The electron structures of anosovite crystalline display obvious difference between Ti₃O₅ and Al₂TiO₅ crystal for the doping of aluminum into Ti₃O₅ crystal. In addition, they have a significant difference on the chemical compositions, so it is reasonable to assume that the flotabilities of Ti₃O₅ and Al₂TiO₅ crystal is different. Therefore, the flotation experiments on the Ti₃O₅ and Al₂TiO₅ crystals used sodium oleate, SHA were conducted, and the experiment results are given in Figure 6 and Figure 7. When the dosage of sodium oleate was 8.0 × 10⁻⁵ mol/L, the recovery rate of Ti₃O₅ crystal reaches the highest value of 72.21%, while that of Al₂TiO₅ crystal reaches the maximum value of 79.24%. When using SHA as collectors, the best recovery rate of Ti₃O₅ and Al₂TiO₅ crystals were 80.12% and 84.15%, respectively. For comparison [34], the anosovite of Mg_0.09Ti_2.91O₅ from Ti-bearing electric slag has a higher recovery, which can reach a maximum recovery of 93.26% at an SHA dosage of 4 × 10⁻⁵ mol/L. It can be seen from Figure 6 and Figure 7 that the recovery rate of anosovite crystal is higher when SHA is used as the collector, indicating that sodium oleate had a stronger ability to capture anosovite. More importantly, the recovery rate of Al₂TiO₅ crystal has a higher recovery rate compared with Ti₃O₅ crystal when the flotation conditions are the same. Therefore, doping the Al component into the Ti₃O₅ crystal should be beneficial to improve the flotation effect from TBBF slag.

4. Conclusions

In this paper, DFT is used to study the effects of Al on anosovite crystal structure, electronic structure, and flotation behavior. Moreover, the flotation experiment on Ti₃O₅ and Al₂TiO₅ crystals are conducted, and DFT calculation results are accurate. The main conclusions are as follows:

(1) The energy of all Al₂TiO₅ band increased about 2 eV compared with that of Ti₃O₅, indicating that the valence and conduction bands have increased in energy. The energy band shifts to the positive direction promotes the flotation effect.
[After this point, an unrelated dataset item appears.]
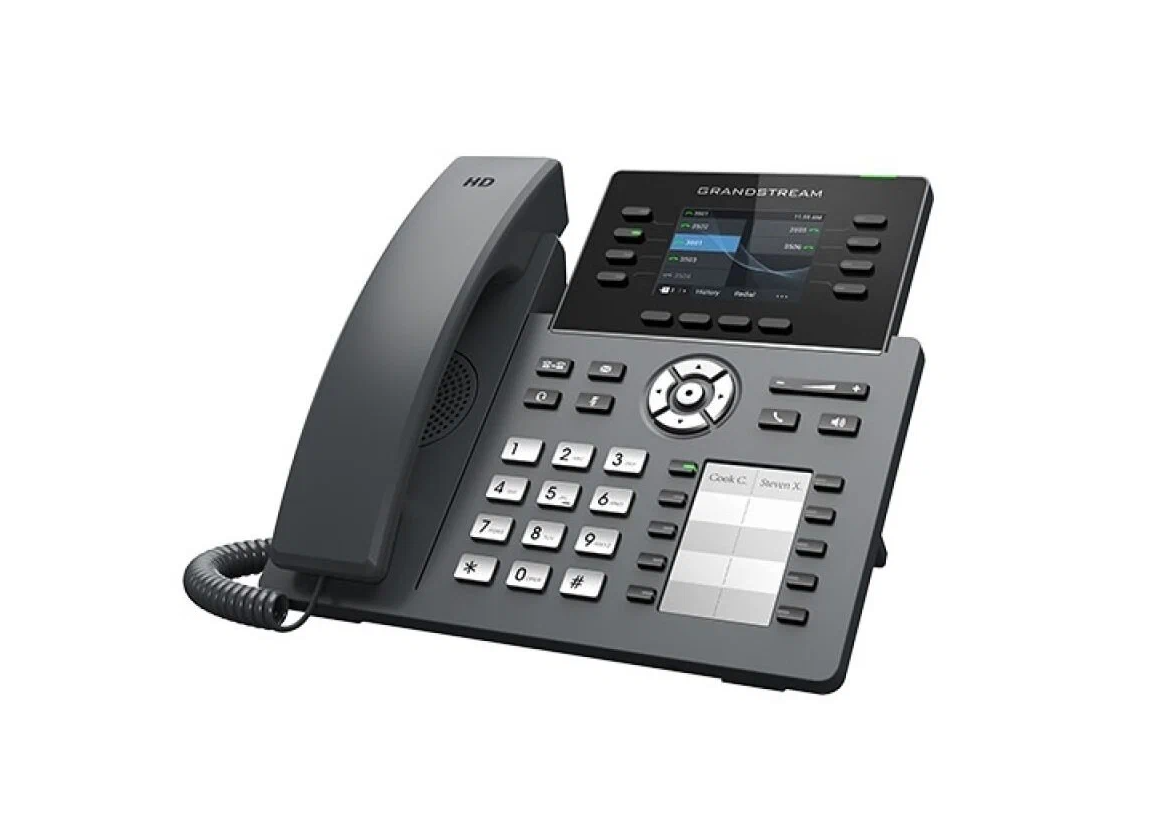 фото Dect телефон grandstream grp2634 черный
(2) Compared with Ti₃O₅ crystal, O atom obtains more electrons in Al₂TiO₅ crystal because the Ti atom receives electrons more easily than Al atoms in the Al₂TiO₅ crystal. The Al₂TiO₅ crystal possesses a larger Ti–O bond population than Ti₃O₅, and the Ti–O bonds length is shorter; therefore, the covalency of Al₂TiO₅ crystal is stronger. Moreover, the Al–O bonds covalency in the Al₂TiO₅ crystal is greater than that in the Ti₃O₅ crystal.

(3) The Al₂TiO₅ crystal has a higher recovery rate compared with the Ti₃O₅ crystal when the flotation conditions are the same. Therefore, doping an Al component into the Ti₃O₅ crystal should be beneficial for improving the flotation effect from TBBF slag.